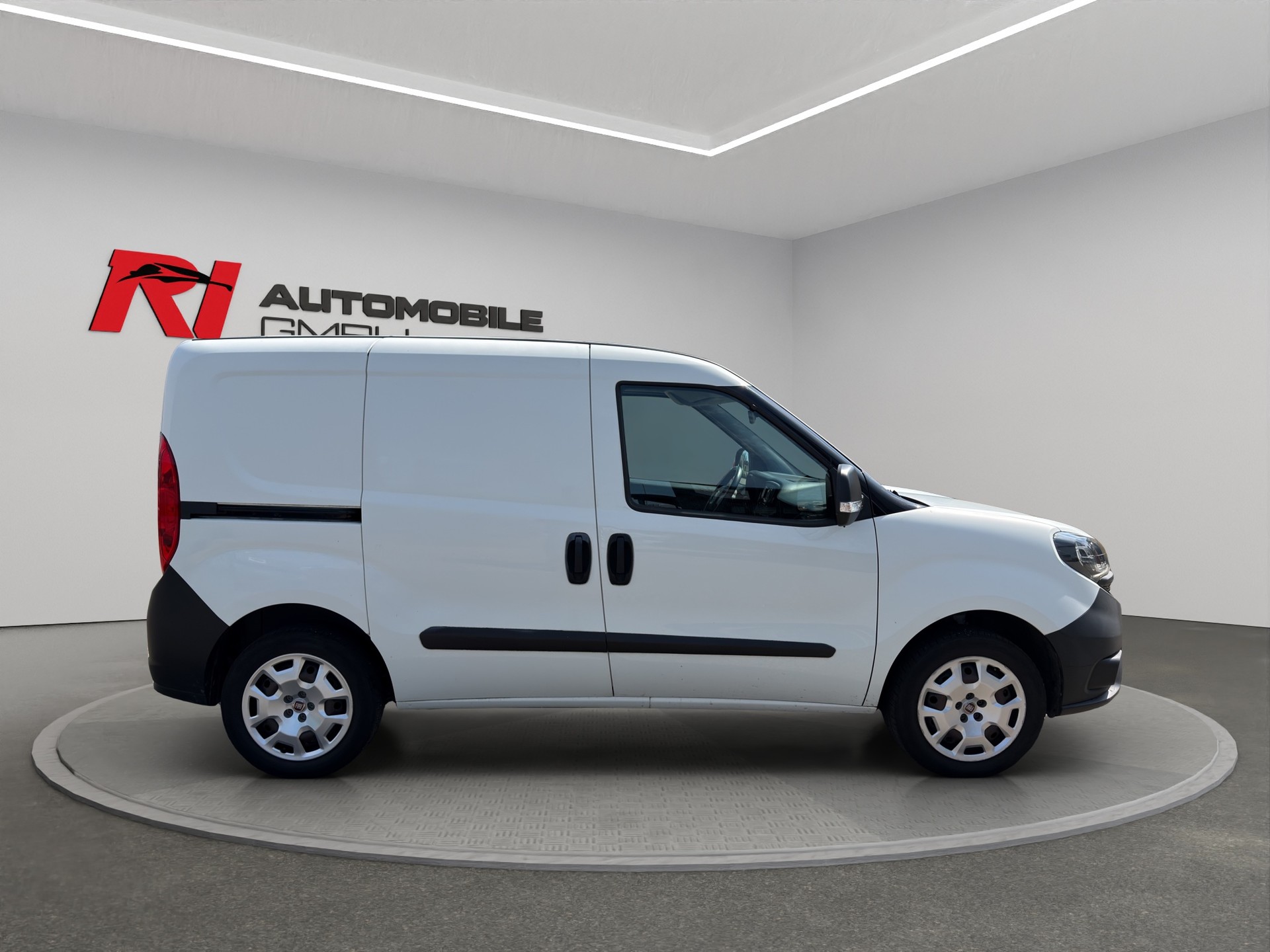 FIAT Doblò 1.4 MPI Cargo Easy Pro-image-6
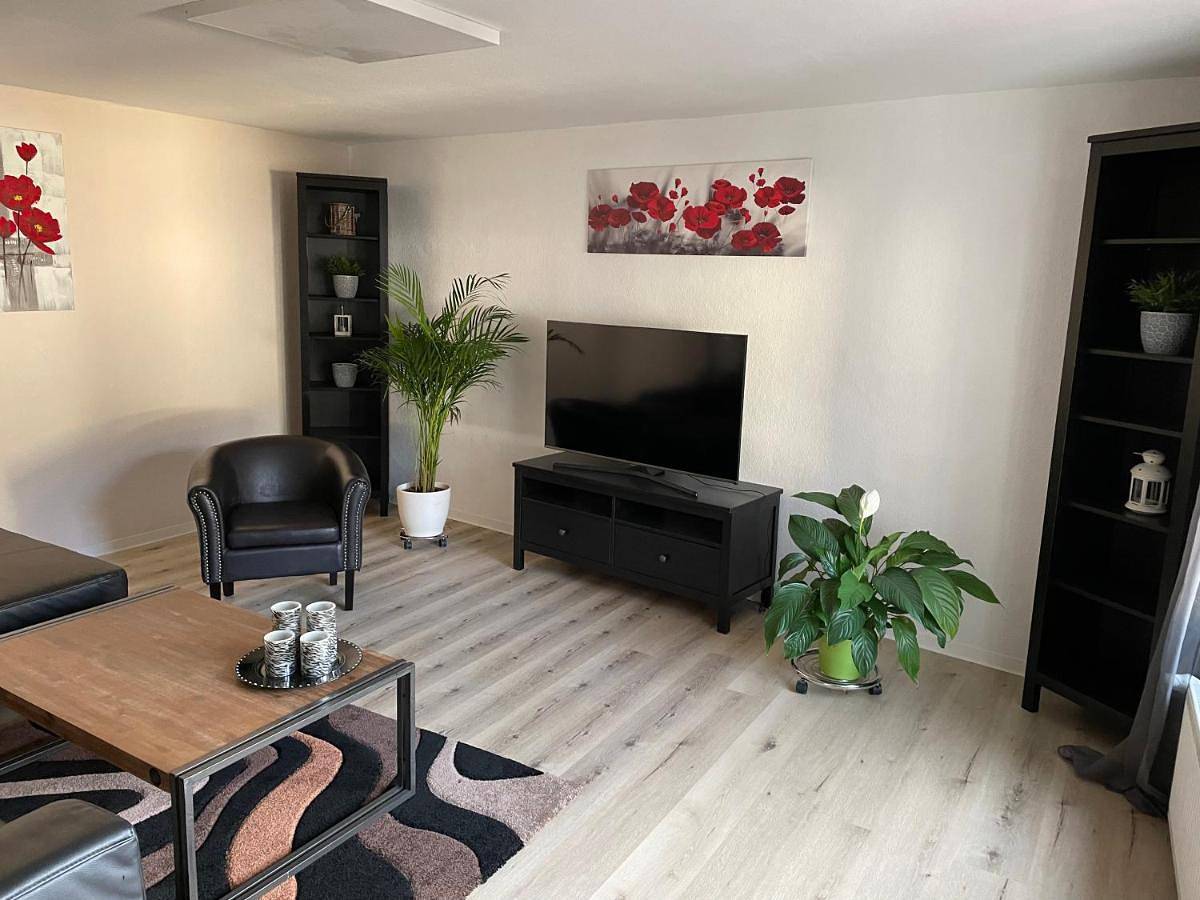 Ganze Wohnung, One-Bedroom Apartment in Dillenburg, Naturpark Lahn-Dill-Bergland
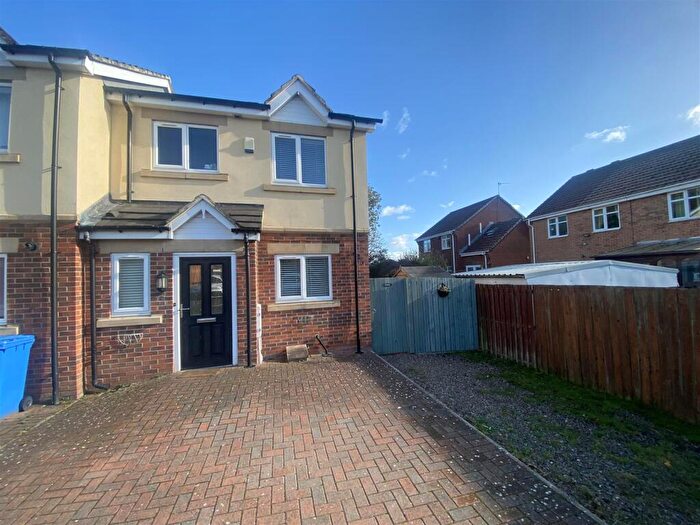 2 Bedroom End Of Terrace House For Sale In Kensington Close, Seghill, Cramlington, NE23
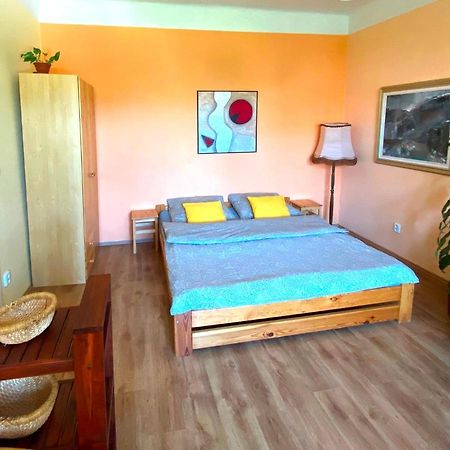 אולומוץ Apartman Flora מראה חיצוני תמונה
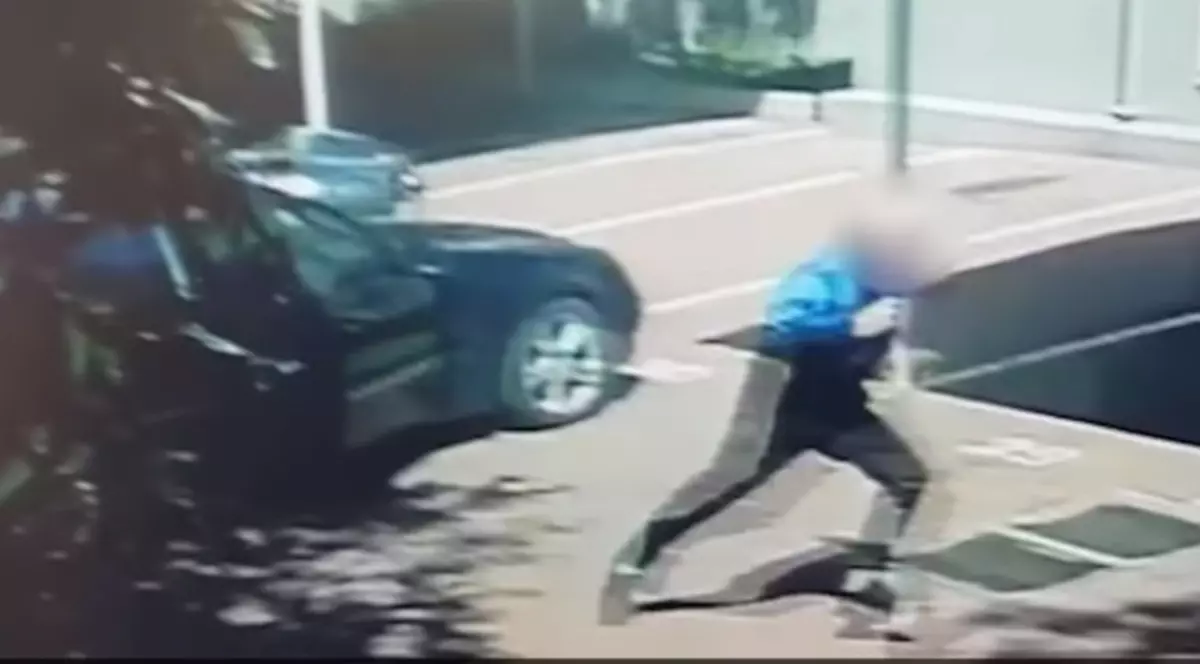 Un bărbat a fost urmărit în complexul rezidențial în care locuia și a fost împușcat mortal. Victima a scăpat dintr-o situație similară în 2017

*The problem:*
All of the records above should be reproduced exactly, with the pictures left out.

*Response below:*
 FIAT Doblò 1.4 MPI Cargo Easy Pro-image-6
 Ganze Wohnung, One-Bedroom Apartment in Dillenburg, Naturpark Lahn-Dill-Bergland
 2 Bedroom End Of Terrace House For Sale In Kensington Close, Seghill, Cramlington, NE23
 אולומוץ Apartman Flora מראה חיצוני תמונה
 Un bărbat a fost urmărit în complexul rezidențial în care locuia și a fost împușcat mortal. Victima a scăpat dintr-o situație similară în 2017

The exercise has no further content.